Friday , December 13, 2024

After Years of Retreat, Payments Fraud Comes Roaring Back

For years, the wave of fraud receded like an outgoing tide for companies that accepted electronic payments from consumers and other businesses. But last year, a tidal wave crashed on shore.

Fully 73% of companies reported they had suffered actual or attempted payments fraud in 2015, up 11 percentage points from 2014 and 13 points from 2013, according to the latest annual survey released last month by the Association for Financial Professionals Inc.

As it does every year, the Bethesda, Md.-based AFP surveyed its members on their experience with fraud via checks, cards, wire transfers, automated clearing house transfers, and other payment methods. This year, the January survey yielded 627 responses from members across a wide range of industries and company sizes.

Between 2009 and 2013, the actual and attempted fraud rate had slid from 73% of reporting members to 60%, then ticked up in 2014. The results for 2015, with fraud back at 2009 levels, show that uptick was an ominous sign. “We’ve seen a trend break here,” says Magnus Carlsson, the AFP’s manager for treasury and payments. “I think [our members] are surprised to see such a large increase in one year. That is a big surprise.”

Even the AFP report itself is blunt about the matter. “In last year’s 2015 AFP Payments Fraud and Control Survey Report [documenting 2014], we noted that the downward trend of payments fraud reversed, although by just a few percentage points. The situation has since deteriorated further,” says the report.

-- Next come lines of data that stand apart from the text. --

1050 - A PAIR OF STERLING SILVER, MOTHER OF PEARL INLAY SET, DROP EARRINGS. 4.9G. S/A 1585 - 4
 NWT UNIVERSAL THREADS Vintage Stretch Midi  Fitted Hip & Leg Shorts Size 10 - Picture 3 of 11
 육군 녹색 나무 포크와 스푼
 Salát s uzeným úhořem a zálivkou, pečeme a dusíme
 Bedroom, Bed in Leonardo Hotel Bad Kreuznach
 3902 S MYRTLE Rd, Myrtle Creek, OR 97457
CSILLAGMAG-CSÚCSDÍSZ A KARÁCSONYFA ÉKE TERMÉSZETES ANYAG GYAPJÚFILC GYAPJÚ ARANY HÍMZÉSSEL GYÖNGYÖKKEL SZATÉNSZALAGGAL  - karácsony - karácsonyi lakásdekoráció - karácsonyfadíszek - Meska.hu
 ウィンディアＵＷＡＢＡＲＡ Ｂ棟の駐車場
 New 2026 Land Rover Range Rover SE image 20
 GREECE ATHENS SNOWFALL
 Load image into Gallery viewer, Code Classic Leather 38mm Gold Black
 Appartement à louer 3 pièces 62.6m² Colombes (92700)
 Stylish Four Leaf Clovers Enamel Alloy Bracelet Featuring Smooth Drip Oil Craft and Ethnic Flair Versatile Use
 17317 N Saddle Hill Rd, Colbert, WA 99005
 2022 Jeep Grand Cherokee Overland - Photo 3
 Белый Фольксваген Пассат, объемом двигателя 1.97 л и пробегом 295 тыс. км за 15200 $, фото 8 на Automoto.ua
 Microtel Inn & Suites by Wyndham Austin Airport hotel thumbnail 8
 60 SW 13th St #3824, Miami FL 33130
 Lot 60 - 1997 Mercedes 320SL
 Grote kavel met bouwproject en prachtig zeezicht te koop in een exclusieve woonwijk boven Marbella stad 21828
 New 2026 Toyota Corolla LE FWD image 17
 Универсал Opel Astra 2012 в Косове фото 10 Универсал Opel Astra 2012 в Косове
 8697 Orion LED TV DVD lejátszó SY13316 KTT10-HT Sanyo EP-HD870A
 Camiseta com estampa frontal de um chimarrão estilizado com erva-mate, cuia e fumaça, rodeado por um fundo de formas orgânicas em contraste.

Still, while fraud rates took off, actual dollar losses remain muted. A solid majority—72%—of companies that sustained fraud exposure reported no actual losses at all, while another 14% reported actual losses totaling less than $25,000. In contrast to fraud exposure, “actual losses are quite different,” says Carlsson. Similarly, 49% reported no costs to manage, defend against, or clean up after actual or attempted fraud, while another 35% spent less than $25,000.

The study also found fewer organizations reporting an expected impact from the move to EMV chip cards, as indicated by investment in software, hardware, and training, as well as fraud losses after the liability shift. That shift took place in October and placed responsibility for counterfeit card losses on the shoulders of merchants that couldn’t accept EMV cards. In the 2013 survey, just 11% reported they expected “no impact,” but by January, three months after the shift, that number had risen to 35%.

Delays in getting hardware and software certified for EMV, which have frustrated many merchants and have already led to a federal class-action suit, are a separate matter. “Obviously, that’s an issue,” notes Carlsson. “I can understand the frustration.”

While checks remain the payment method most targeted by criminals, it’s fraudulent wire transfers fueled by an explosion in highly sophisticated phishing attacks that have spiraled upward in recent years, according to the report.

In 2009, just 3% of companies that had experienced actual or attempted fraud reported they had been hit by wire fraud. Last year, that rate was 48%, leaving fraudulent wires ahead of fraud on corporate and commercial credit and debit cards (39%). The check-fraud rate, meanwhile, was 71% in 2015, but that’s actually down from the high of 93% in 2010.

Actual and attempted fraud on ACH credits (11%) and debits (25%) remain low and stable relative to the other payment methods surveyed.

The AFP membership comprises corporate finance executives worldwide.